Selon le docteur Samuel Roger Nkamba, ministre de la Santé, sur un total de 896 cas rapportés dans les trois provinces concernées (Ituri, Nord-Kivu et Sud-Kivu), la province de l’Ituri concentre à elle seule 827 cas confirmés.

Ce bilan se décline notamment comme suit :232 décès et 78 guérisons

Le ministre a souligné que ces chiffres reflètent le renforcement progressif des actions de riposte, portées par la détection précoce et la prise en charge rapide des malades. Il a par ailleurs précisé que la capacité de détection a connu une nette amélioration : de 22 cas par jour à 2000 cas par jour, grâce au déploiement d’équipements de détection sur le terrain.

Prise en charge sociale et humanitaire

Dans son intervention, madame Eve Bazaiba Masudi, ministre d’État en charge des Affaires sociales, des Actions humanitaires et de la Solidarité nationale, a présenté les actions sociales menées avec l’appui des partenaires, notamment ALIMA et UNICEF.

Ces appuis ciblent les enfants de 0 à 17 ans dont les parents sont décédés d’Ebola ou sont déclarés malades ; les femmes et les personnes déplacées internes installées dans divers camps.

Sur le plan technique, les experts de la coordination de la riposte, dont le docteur Lola, ont insisté sur l’élargissement des capacités de laboratoire.

Outre le laboratoire implanté à Bunia, la riposte s’appuie également sur un laboratoire mobile à Mungbwalu et un laboratoire à Nyankunde.

Dépistage à l’aéroport de Murongo : procédure digitalisée

Le docteur Wivine, du Programme national de l’Hygiène aux frontières, a expliqué le dispositif mis en place à l’aéroport de Murongo.

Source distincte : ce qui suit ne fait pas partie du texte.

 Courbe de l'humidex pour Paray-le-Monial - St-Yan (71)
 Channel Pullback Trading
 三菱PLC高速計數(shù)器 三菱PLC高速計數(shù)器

Selon lui, la fiche du voyageur est désormais digitalisée grâce à un code QR, ce qui permet de réaliser un contrôle et un screening (dépistage). Le processus inclut : le lavage des mains ; un screening visuel via caméra pour relever la température ; l’observation de la couleur des yeux et l’évaluation de l’ensemble des symptômes liés à la MVE.

La représentante de l’OMS, docteur Marie, a indiqué que la maladie touche 21 zones de santé en Ituri ; 11 zones de santé au Nord-Kivu et 1 zone de santé au Sud-Kivu.

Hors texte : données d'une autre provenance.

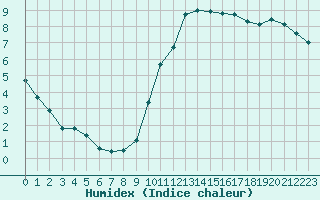 Courbe de l'humidex pour Eygliers (05)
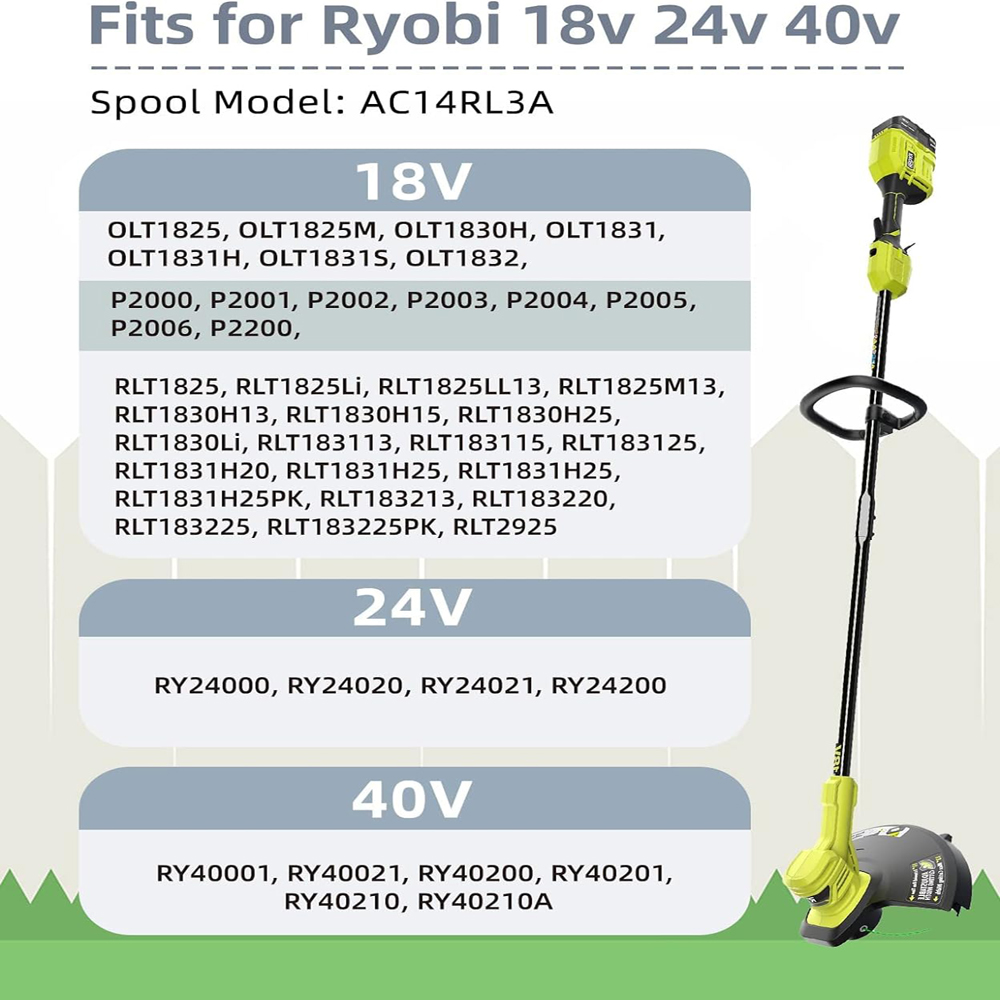 For Ryobi One+ Spool & Line Fo - огляд і ціна Gardening Tools Ryobi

Elle a aussi mentionné l’amélioration des capacités de réponse : avec une dotation de 500 lits, la riposte est passée de 0 CTE à 9 CTE (aujourd’hui). De même, la capacité de détection est passée de 20 personnes à 2000 personnes par jour.
L’OMS conclut que, face à l’évolution de l’épidémie, une réponse robuste est déployée et que la surveillance épidémiologique demeure efficace.

Le représentant de l’African CDC a expliqué que, lors du démarrage de l’épidémie, il n’existait pas d’appareils adaptés pour la détection de la souche Bundibugyo.
Aujourd’hui, grâce à des équipements importés et produits en Corée, la détection est plus rapide.

Ville confinée ? Une décision jugée non appropriée

Interrogé sur la possibilité de confinement de la ville, le ministre a répondu par la négative. Il estime que cette mesure ne constituerait pas une mesure de santé publique appropriée.

Il a ajouté que d’autres pays africains, notamment le Nigéria, où l’on a recensé plus de 10 000 décès liés à Ebola, n’ont pas opté pour un confinement du même type, car cette approche compliquerait la riposte.